The Loneliness of Celibacy
Long before he encountered the Rembrandt poster on Landrien’s office door, striking that deep emotional chord, Nouwen had taken vows as a Catholic priest. Like all Catholic priests, Nouwen was a celibate. He was committed to his vows and experienced the practice as a “holy vacancy.” In 1978, twenty-one years after taking his vows, he wrote,
The best definition of celibacy, I think, is the definition of Thomas Aquinas. Thomas calls celibacy a vacancy for God. To be a celibate means to be empty for God, to be free and open for his presence, to be available for his service.… I think that celibacy can never be considered as a special prerogative of a few members of the people of God. Celibacy, in its deepest sense of creating and protecting emptiness for God, is an essential part of all forms of Christian life: marriage, friendship, single life, and community life.… Every relationship carries within its center a holy vacancy, a space that is for the first Love, God alone. (Clowning in Rome, 43)
I believe that understanding Nouwen as a celibate is essential to understanding his response to Rembrandt’s painting of the parable as documented in The Return of the Prodigal Son.
We learn more about Nouwen’s position on celibacy from an article published in 2010 by A. W. Richard Sipe, a mental health counselor who spent eighteen years as a Benedictine monk and priest.16 Sipe recalls Nouwen’s reaction after hearing a talk that Sipe gave in 1991 called “The Celibate/Sexual Agenda.” Nouwen wrote,
I also feel there is a dimension to the issue of celibacy that is absent from your presentation and, by its absence, gives your presentation an overly strong “political” character. Somehow I think that we really need to think more deeply about the mystery of communion and start talking in a new way about sexuality from there. I am certainly not yet able to do so and I find myself quite wordless around this very sacred area. But I do feel that we have to move beyond pointing to the many weaknesses and failures in living a credible sexual ethic to a rediscovery of the deep meaning of the “vacare Deo” [to be empty for God].17
Sipe continues with a recollection of a visit he had with Nouwen at Daybreak in 1991 that sheds further light on Nouwen’s views. Sipe recounts that Nouwen’s first occupations were the subjects of meditation and spirituality (he was reading Eastern meditation teacher Eknath Easwaran at the time). He then remembers that the second topic Nouwen wanted to discuss was celibacy and sexual orientation. Sipe writes, “Mainly his questions were about orientation. What really is it? Is it possible to alter it? What are the origins? What are its implications for celibacy? How does it affect spirituality? He was not quite at a point of personal resolution then.” Sipe concludes, “Nouwen was the genuine article. He was exactly what he appeared—a priest struggling for integrity, exhausting himself in the service of others.”18
Integrity is a word that is often used to describe Henri Nouwen.
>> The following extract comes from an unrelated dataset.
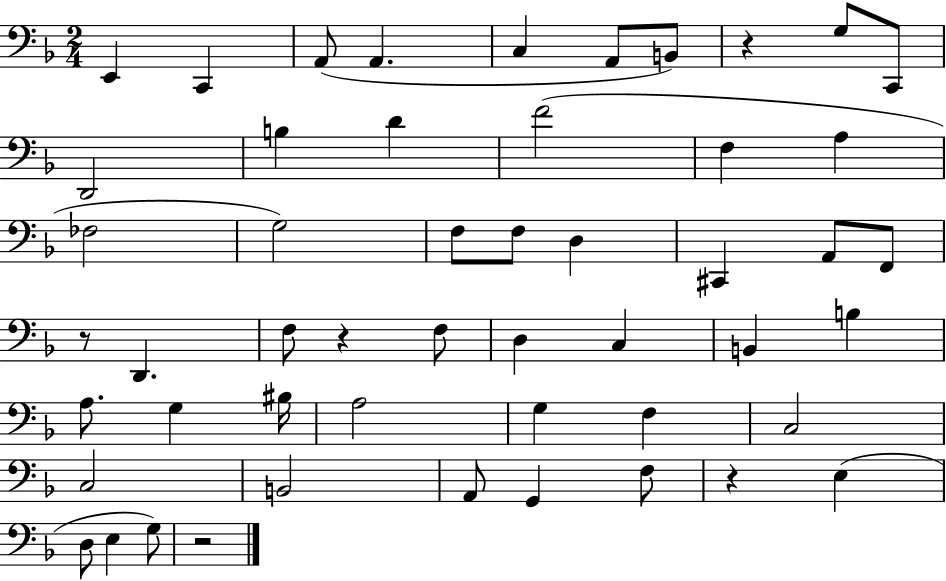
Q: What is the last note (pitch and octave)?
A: G3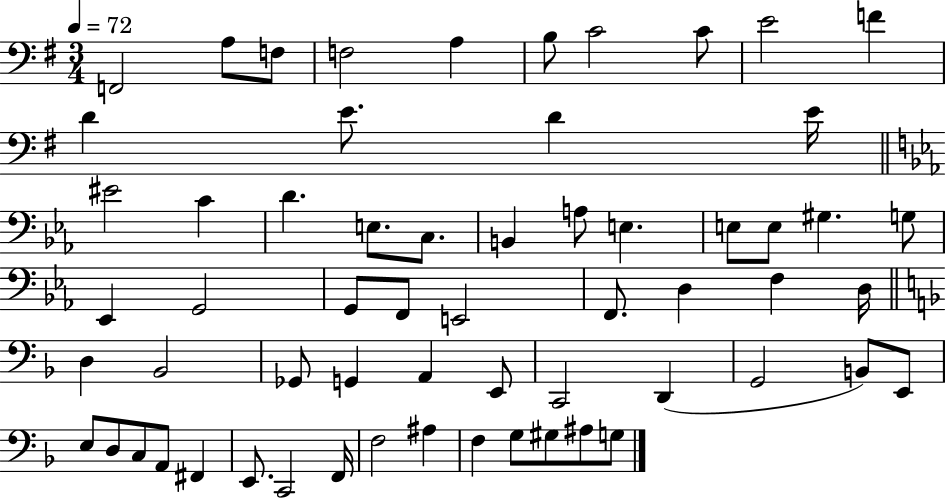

It is part of his appeal to so many people. The shadow side of integrity perhaps is scrupulousness that can pinch and dry out sensuality and the pleasures of physicality. By his own account, Nouwen wanted to avoid doing something wrong. In The Return of the Prodigal Son he confesses, “Since childhood [I] have scrupulously lived the life of faith” (Prodigal Son, 66). He shares with us that he feels a kinship with the obedient elder son who saw his younger brother flaunt what was expected of him to live a life of his choosing. “And all my life I have harbored a strange curiosity for the disobedient life that I didn’t dare to live, but which I saw being lived by many around me” (Prodigal Son, 65).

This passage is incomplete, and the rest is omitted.